The amendment to the Environmental Impact Assessment Notification of MoEF, issued per the Environment Protection Act, on 7th July 2004 (No. S.O.801(E)), available online at: http://www.envfor.nic.in/legis/eia/so801(e).doc requires:

Any construction project falling under entry 31 (i.e. New Construction Projects) of Schedule-I (of the EIA Notification) including new townships, industrial townships, settlement colonies, commercial complexes, hotel complexes, hospitals and office complexes for 1,000 (one thousand) persons or more or discharging sewage of 50,000 (fifty thousand) litres per day or more or with an investment of Rs.50,00,00,000/- (Rupees fifty crores) or more, should obtain environmental clearance from the Ministry of Environment and Forests, per procedure.

This is particularly the case of “(n)ew construction projects… undertaken without obtaining the clearance required under this notification, and where construction work has not come up to the plinth level, ….. with effect from the 7th day of July, 2004.”. Further, “(a)ny project proponent intending to implement the proposed project under sub-paras (g) and (h) in a phased manner or in modules, shall be required to submit the details of the entire project covering all phases or modules for appraisal under this notification”;

BMIC involves the construction of an expressway and 5 major townships (including real estate, recreational, hospitality, health and industrial estates) which independently and together come under the jurisdiction of this notification.
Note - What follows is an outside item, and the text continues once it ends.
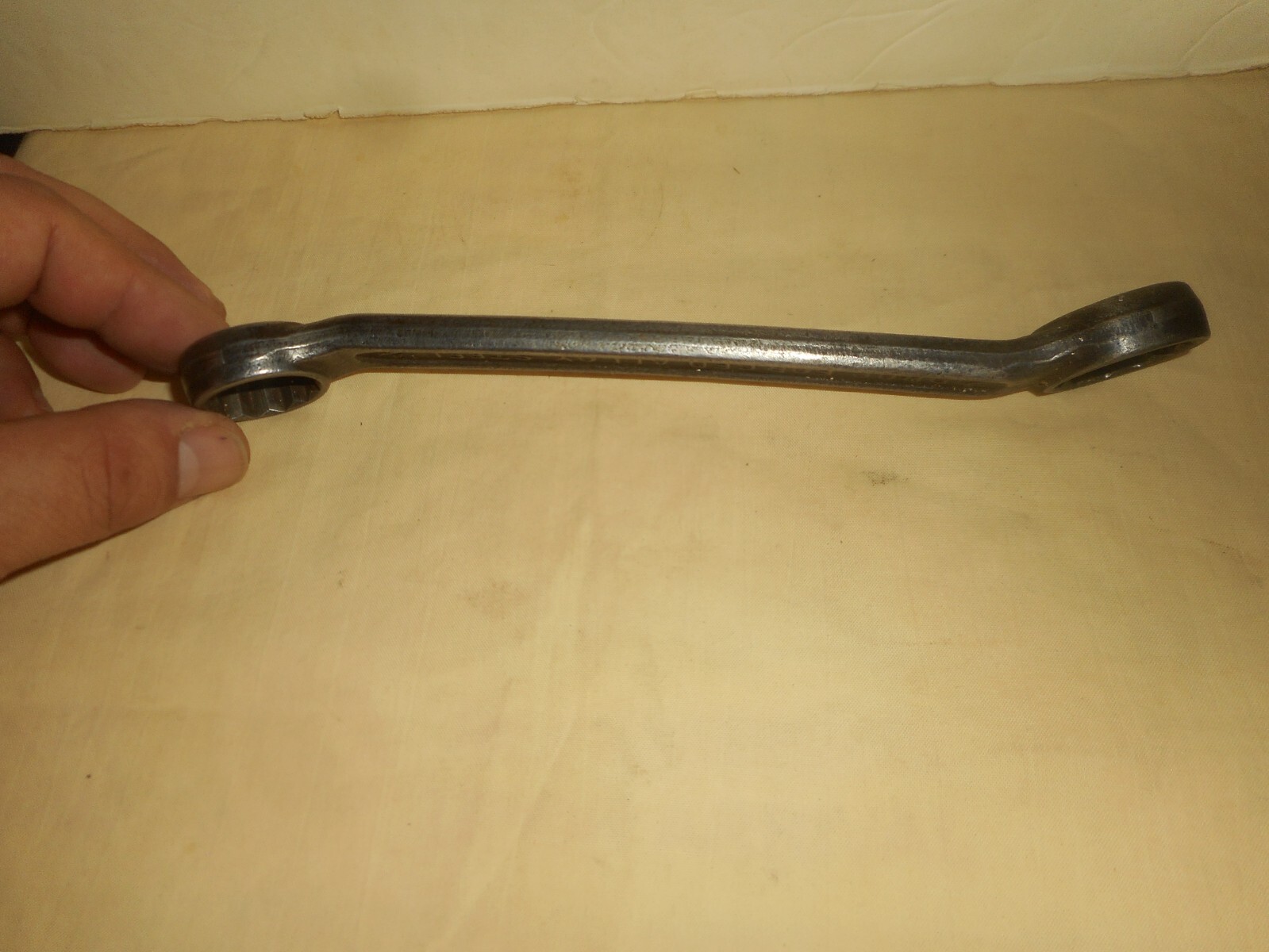LECTROLITE Corp DEFIANCE OH 7/8″ x 13/16″ 12 point Offset Box End Wrench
As a result:
1) Nandi Infrastructure Corridor Enterprise (NICE) would have to prepare and submit a comprehensive Environmental and Social Impact Assessment (EIA). This document will have to be released to the public along with other related documentation, based on which Public Hearings would have to be called by Karnataka State Pollution Control Board to kick off the environmental clearance mechanism.
2) Following this procedure, which is likely to take a minimum of two years (an EIA takes at least one year to prepare), NICE would then have to seek fresh clearances under the Water and Air Acts from the Karnataka State Pollution Control Board and the Ministry of Environment and Forests. This procedure normally takes a minimum of six months, if all documents are submitted and procedures complied with.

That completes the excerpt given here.